Supplied information:
##############################
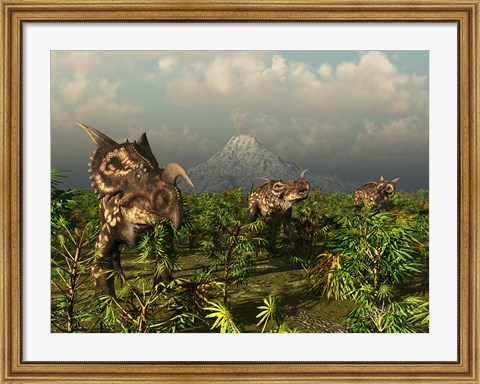 Framed Herd of Plant-Eating Einiosaurus Roam the Plains Print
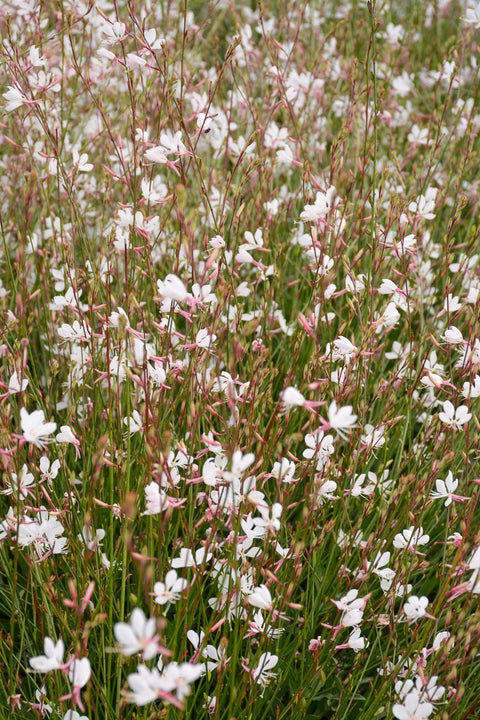 Gaura, Whirling Butterflies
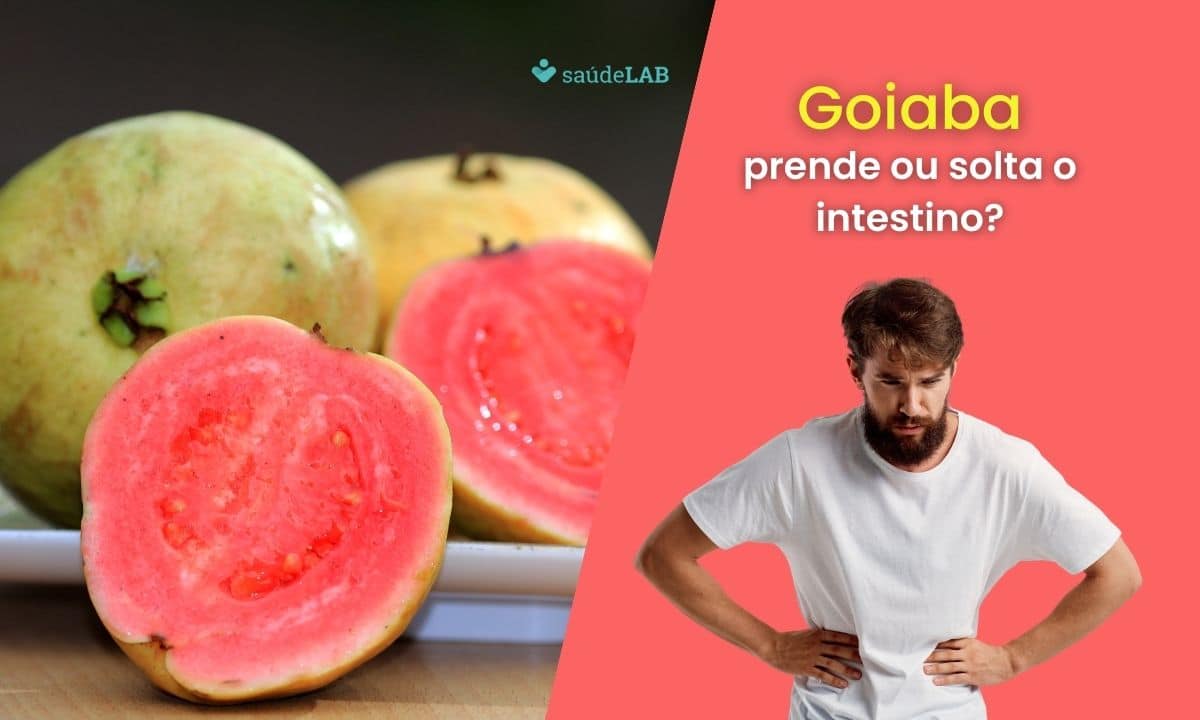Goiaba prende ou solta o intestino? A resposta vai te surpreender 1 Goiaba prende ou solta o intestino.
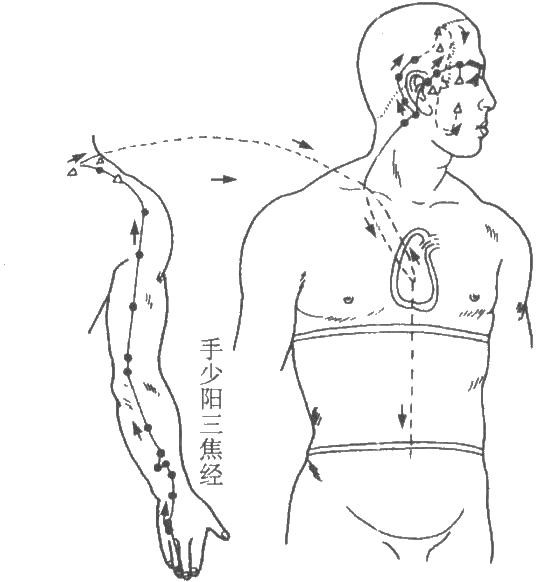 經絡名·少陽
##############################
Your objective:
Would you return the whole listing exactly, without the pictures?

Completed exercise:
 Framed Herd of Plant-Eating Einiosaurus Roam the Plains Print
 Gaura, Whirling Butterflies
Goiaba prende ou solta o intestino? A resposta vai te surpreender 1 Goiaba prende ou solta o intestino.
 經絡名·少陽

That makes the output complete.